Okay, got to comment on this. But I'll add my usual bit about dyslexia just in case it helps some nippers in the future.

Post war Secondary school. Teachers were cajoled, probably under threat of being sent back to the services, to teach us mud-covered scruffs.

No exam passes in anything whatsoever when kicked out at 14. My science teacher thought I was bright, but my written work was, well, utter bollox.

C&G one day a week for telly-mending got me nifty with a slide rule. About 21 YO started flying.

Flying was easy. IR scary, but only cos of the 50 quid a go stresses. 2nd bash on the CAFU Dove. Phew!

Now I was in the poo because the work, while not being that complex, was so extensive. Not many box-ticking exams then. Proper writing and big plotting and weather charts.

Struggled like hell but got there with picking up 'Partials'. Got a job hauling gear on a DC3.

Viscount. BAC 1-11. Technically easy - I could draw the entire electrics diagrammatic, but still couldn't spell, so had to be careful to whom I wrote what.

ALTP, OR ATPL. (I even had a SCPL) Was a breeze. I'd got the hang of exams by then and walked through everything except Radio Aids, cos I thought I knew everything about radio and therefore didn't study. They really hit us with Propagation that quarter, and masses failed. I couldn't remember a One-hop-E or a Heavyside anything. Knew how the aids worked but still just missed. Picked it up later.

America some years later. 6 hours to do the ATP. One hour, checked work and wrote a long note about why a performance question was wrong. (it really was wrong) I got everything but one question.

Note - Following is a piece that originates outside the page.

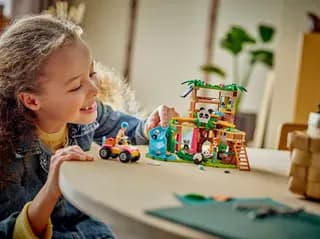 De pandaopvang LEGO-set afbeelding 8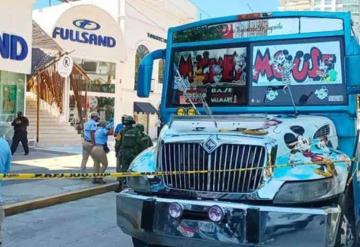 Ataque a transportes públicos en Acapulco deja cuatro heridos entre ellos un menor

I've always assumed it was that one cos computers answered the paper which I didn't know.

'twas a buggah, cos bloke at Boeing school in Dallas talking about the ATP said, 'And that's why no one ever gets 100%.'
That was a good while back. It's just possible, if I'd pushed the point, I might have been the first.


Okay, so that's the braggin' bit. But, I didn't qualify for BEA because of my schooling, and you may recall, I noticed the ad with the Trident on it, was for cabin Cleaners. I couldn't have got that job despite being able to fly a similar aircraft.

In fact, I didn't realise until I was old that I had something wrong with me. I always drove fast. Bikes and E-Types etc., all seemed to happen in slow motion. But asked to name a road. No chance. Just didn't register. The Rivetess used to cry with laughter at my letters. She learned to de-code them eventually.

Then there was the time in Shell Mex house. They'd got my passport and licence, and I'd got a form to fill in. I could not remember how to spell my first name. Buggah, that. Wiliam looked right, but so did William. I fudged it and no one gave a sh1t.

Years later I stopped eating cheese. For the first time in my life I could see a line of text across the screen. I started to learn to spell. (If I live to 100 I'll be fair) My brain could interpret the writing on a propeller while it was spinning, but ask me how many rings on a Captain's arm, and I wouldn't be able to tell - except it wasn't 2 or 3, which I could tell, so knew it must be 4. Any double letters, ll ss etc., were jazzing so much they never got learned. It was as though something in my brain was over-clocked like hell. I had no idea how different I was to normal people.

Instrument flying was totally relaxed, it was mostly text that caused the problem, though the parallel bars on gold stripes clearly didn't register properly. Again, those repeated parallel lines.

Now, here's the point. If you've got a kid who is not learning to spell normally, try cutting out anything with Tryptophan in it. Allow a month or so. To this day, if I eat cheese, it will affect me within a few hours - every time. I can't be the only one. Erm, can I?







.
..
.

Last edited by Loose rivets; 26th Aug 2017 at 15:53.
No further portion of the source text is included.